Park led the campaign for passage of the transgender rights law enacted by the New York City Council in 2002. She served on the working group that helped to draft guidelines — adopted by the Commission on Human Rights in December 2004 — for implementation of the new statute. Park negotiated inclusion of gender identity and expression in the Dignity for All Students Act (DASA), a safe schools law enacted by the New York state legislature in 2010, and the first fully transgender-inclusive legislation enacted by that body, and she is a member of the statewide task force created to implement the statute. She also served on the steering committee of the coalition that secured enactment of the Dignity in All Schools Act by the New York City Council in September 2004.
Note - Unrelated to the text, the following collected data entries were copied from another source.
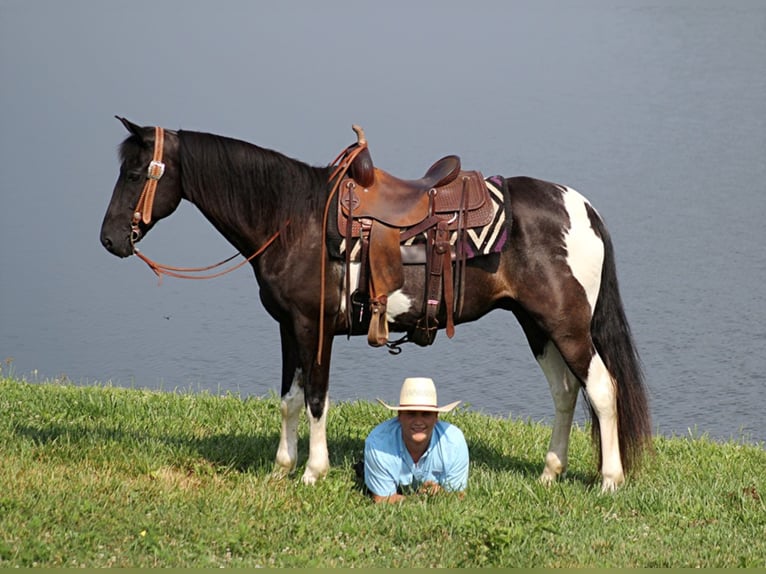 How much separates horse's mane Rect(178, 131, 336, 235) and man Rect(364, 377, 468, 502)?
1.23 metres

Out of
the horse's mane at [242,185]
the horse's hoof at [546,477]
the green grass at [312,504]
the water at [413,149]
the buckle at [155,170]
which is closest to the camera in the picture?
the green grass at [312,504]

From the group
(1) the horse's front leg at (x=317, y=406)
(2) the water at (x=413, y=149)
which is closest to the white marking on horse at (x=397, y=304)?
(1) the horse's front leg at (x=317, y=406)

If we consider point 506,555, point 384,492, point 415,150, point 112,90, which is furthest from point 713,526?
point 112,90

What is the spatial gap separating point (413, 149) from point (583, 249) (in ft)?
44.4

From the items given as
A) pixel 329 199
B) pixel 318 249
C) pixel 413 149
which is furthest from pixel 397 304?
pixel 413 149

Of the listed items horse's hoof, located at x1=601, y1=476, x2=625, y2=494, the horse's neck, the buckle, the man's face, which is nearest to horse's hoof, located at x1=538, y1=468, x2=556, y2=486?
horse's hoof, located at x1=601, y1=476, x2=625, y2=494

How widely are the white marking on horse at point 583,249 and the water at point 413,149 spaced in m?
3.74

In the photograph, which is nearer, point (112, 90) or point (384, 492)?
point (384, 492)

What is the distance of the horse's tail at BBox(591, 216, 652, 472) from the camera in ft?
23.9

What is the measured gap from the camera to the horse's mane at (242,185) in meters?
7.00

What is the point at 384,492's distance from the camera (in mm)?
6746

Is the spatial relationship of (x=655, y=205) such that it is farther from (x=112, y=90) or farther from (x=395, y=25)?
(x=395, y=25)

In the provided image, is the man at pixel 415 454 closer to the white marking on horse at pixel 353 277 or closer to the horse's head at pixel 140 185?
the white marking on horse at pixel 353 277

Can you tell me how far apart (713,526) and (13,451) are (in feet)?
13.3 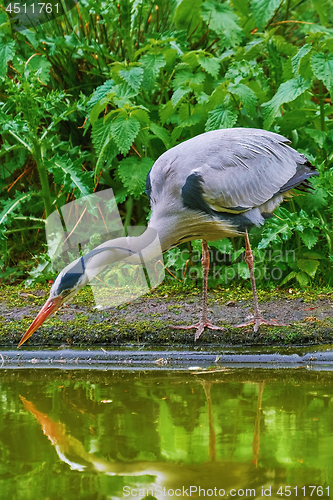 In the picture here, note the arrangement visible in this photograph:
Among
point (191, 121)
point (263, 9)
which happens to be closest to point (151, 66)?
point (191, 121)

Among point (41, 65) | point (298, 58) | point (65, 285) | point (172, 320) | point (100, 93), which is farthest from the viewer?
point (41, 65)

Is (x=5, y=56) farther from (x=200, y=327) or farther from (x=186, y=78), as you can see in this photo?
(x=200, y=327)

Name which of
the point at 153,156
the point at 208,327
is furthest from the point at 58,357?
the point at 153,156

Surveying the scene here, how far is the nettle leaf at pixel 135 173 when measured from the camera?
476 centimetres

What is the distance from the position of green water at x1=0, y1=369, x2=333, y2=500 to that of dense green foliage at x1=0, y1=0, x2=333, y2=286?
1481 millimetres

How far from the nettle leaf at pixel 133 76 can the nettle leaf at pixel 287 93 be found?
1126 millimetres

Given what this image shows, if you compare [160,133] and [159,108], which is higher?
[159,108]

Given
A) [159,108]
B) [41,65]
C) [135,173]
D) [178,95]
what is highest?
[41,65]

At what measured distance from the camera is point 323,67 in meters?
4.23

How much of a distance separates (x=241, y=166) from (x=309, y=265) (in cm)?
122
Park did her B.A. in philosophy at the University of Wisconsin-Madison, her M.Sc. in European Studies at the London School of Economics and her Ph.D. in political science at the University of Illinois at Urbana. Park has written widely on LGBT issues and has conducted transgender sensitivity training sessions for a wide range of organizations. In 2005, Park became the first openly transgendered grand marshal of the New York City Pride March. She was the subject of “Envisioning Justice: The Journey of a Transgendered Woman,” a 32-minute documentary about her life and work by documentarian Larry Tung that premiered at the New York LGBT Film Festival (NewFest) in 2008. In April 2013, Park was named to the inaugural Trans 100 list of leading activists and community members.